Of course, this entails choosing the right friends. What I've noticed in my research interviewing women of the Otherhood is that, like the men we choose to be with, we're selective about our friendships. We choose friends who are there for us when we need a good hearty laugh. Or a good hearty cry. Our friends celebrate our greatest achievements without keeping score. Our friends are the first in line to celebrate our big milestones, and more importantly, they are there to celebrate the little milestones that no one else would of noticed. These friends will like every Instagram sunset we post, the photos of us having lots of fun... even without them, and all the inspirational quotes we share, telling us it was exactly what they needed to hear that day.
These are the friends who know the guys we date by their shorthand names like: the sailor; the biker; the dentist; the Tinder guy; the other Tinder guy; the "so great on paper, but..." guy, et al. And they remember to ask about the guy named Rob. We all know the Rob story. The Rob story probably hasn't changed. But these are the friends who haven't given up hope on our behalf. Because these are the friends who want us to have the love we want because it's been so long. Too long.
"The women you are referring to, the ones who may not have expected to remain single into their late thirties and older, would like to be with someone, just not anyone," Eric told me. "These women choose to live alone over other options. And they are willing to remain alone until the right option presents itself."

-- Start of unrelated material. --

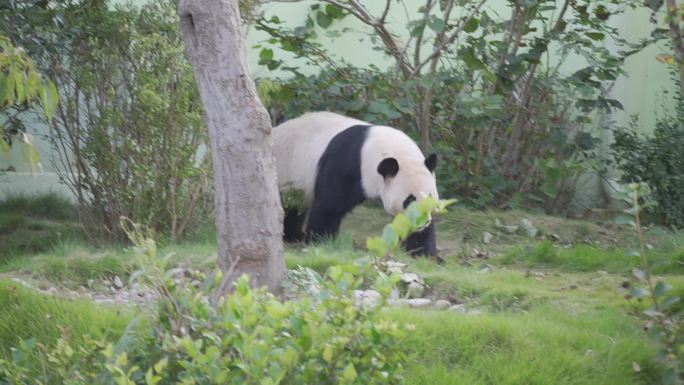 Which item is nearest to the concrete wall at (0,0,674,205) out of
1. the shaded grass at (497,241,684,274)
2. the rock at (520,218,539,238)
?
the rock at (520,218,539,238)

With these friends, we're never truly alone. And these friends wouldn't let us ever wish we were alone because we settled for the "so great on paper, but..." guy. And they'll never insist you give a guy "just another try" because they already know how hard you've tried. And tried and tried. These are the friends who trust your gut as much as you do, maybe more. These are the friends who know when the subject of a man has been exhausted, or when it is most definitely "to be continued!" Either way, there's a toast to what's next.
"You, and the women you are speaking of, are not unhappy," Eric confirmed. "And you're certainly not desperate. There are those who might say you are setting your expectations too high, that you should settle for the nice guy, but that's not something you are willing to do, nor should you. And you're not the ones who are Single by Choice, who choose never to have a partner, preferring solitude. Very few people aspire to live alone."
And while we are alone in the sense that we have no romantic partner, Eric Klinenberg isn't worried about women like me or my friends in the Otherhood. Women forge such strong relationships and friendships, he explained, that even if they remain single long past their expectations, they are living the best of their lives.
If we're fortunate, like I am, we have a family who loves us. And while we can't all choose that fate, we can choose the friends who love us. And whom we love. That's why I'm thrilled to "like" every one of the sunsets my friends share on Instagram. Because if there's a sunset to share, chances are, there's a sunrise to follow. And that's how I know I'm not waking up alone.
Parts of this essay were excerpted from my reported memoir: OTHERHOOD: Modern Women Finding a New Kind of Happiness (Seal Press/Penguin Canada). Otherhood is dedicated to my friends, the family I choose. I hope you choose to read Otherhood and meet some of these friends. Otherhood received a prestigious *starred review* by Booklist.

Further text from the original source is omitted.